The AACM at 50
2015 marks the 50th anniversary of the Association for the Advancement of Creative Musicians, Inc.(AACM), founded on Chicago’s South Side by musicians Muhal Richard Abrams (pianist/composer), Jodie Christian (pianist), Steve McCall (drummer), and Phil Cohran (composer).
A recent piece in the New York Times by Nate Chinen summarizes their achievements, in short:
Over the half-century of its existence, the association has been one of this country’s great engines of experimental art, producing work with an irreducible breadth of scope and style. By now the organization’s significance derives not only from the example of its first wave—including Mr. Abrams, still formidable at 84—but also from an influence on countless uncompromising artists, many of whom are not even members of its chapters in Chicago and New York.
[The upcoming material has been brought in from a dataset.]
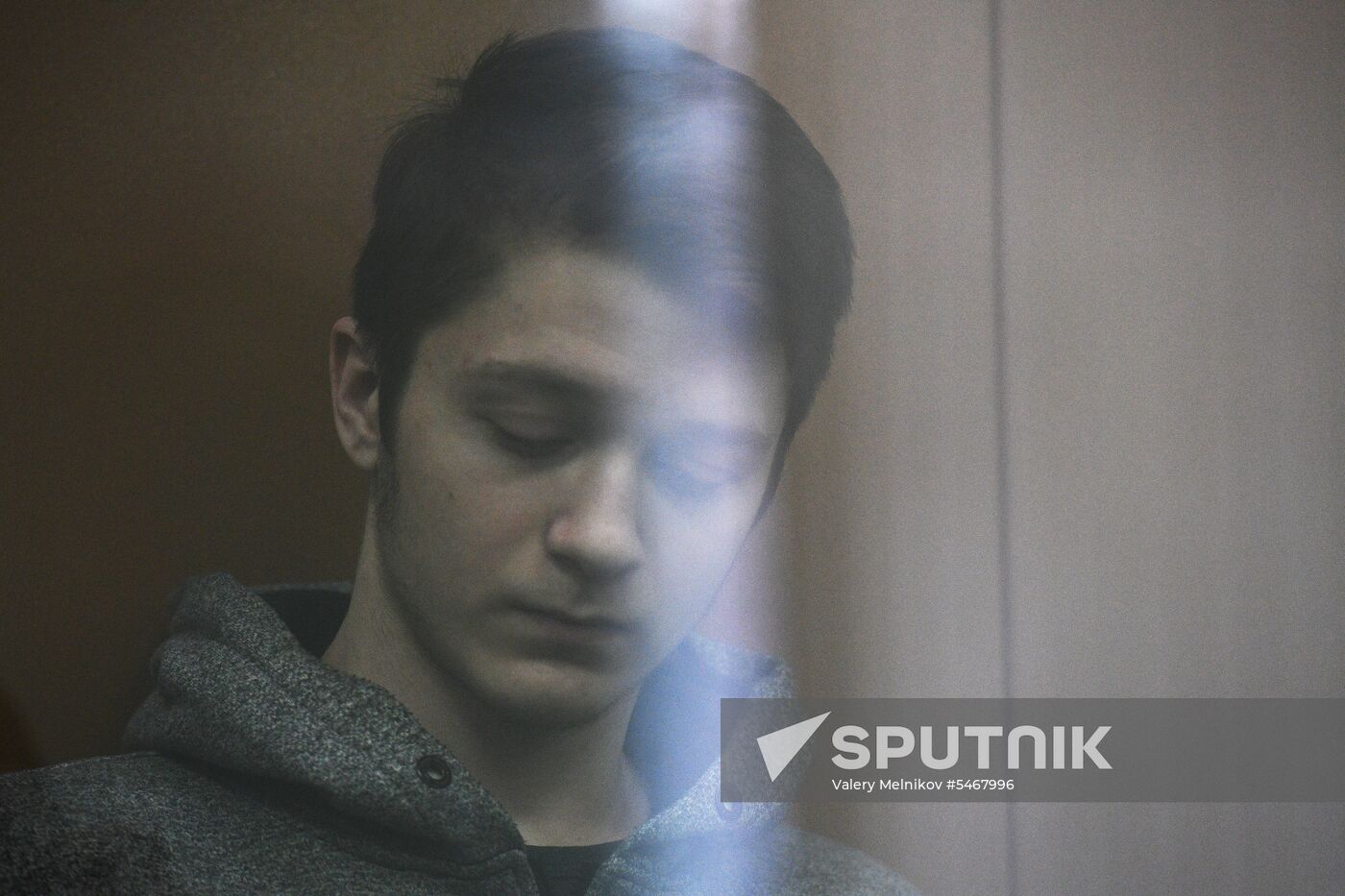 Court hears Vadim Osipov case on charges of preparing terrorist attack in St. Petersburg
The AACM’s legend extends beyond their Chicago origins—just as emphatically as it remains intertwined with them. Aiming to “provide an atmosphere conducive to the development of its member artists and to continue the AACM legacy of providing leadership and vision for the development of creative music,” the AACM turned twentieth-century jazz on its head, rolled it sideways, stood it upright again, and then leaned on it with the right combination of grace and pressure.
Among the events organized around this anniversary are Free at First (currently on view at Chicago’s DuSable Museum of African American History, and running through September 6, 2015) and the forthcoming exhibition The Freedom Principle: Experiments in Art and Music, 1965 to Now, at the MCA Chicago (opening in mid-July), which builds around the aesthetics championed by the association and their legacy.
This YouTube playlist should woo you pretty hard: http://bit.ly/1EHQMid
Our own connection to the AACM, worth every plug one can work, is George E. Lewis’s definitive history A Power Stronger than Itself: The AACM and American Experimental Music (one of my favorite non-fiction books we’ve published). Lewis, who joined the AACM in 1971 when he was still a teenager, chronicles the group’s communal history via twin channels of jazz and experimental cultural production, from the AACM’s founding in 1965 to the present. Personal, political, filled with archival details—as well as theory, criticism, and reportage—the book is a must-read jazz ethnography for anyone interested in the trajectory of the AACM’s import and influence, which as the NYT’s piece notes, began from a place of “originality and self-determination,” and landed somewhere that, if nothing else, in the words of Jason Moran, the Kennedy Center’s artistic director for jazz, “shifted the cultural landscape.”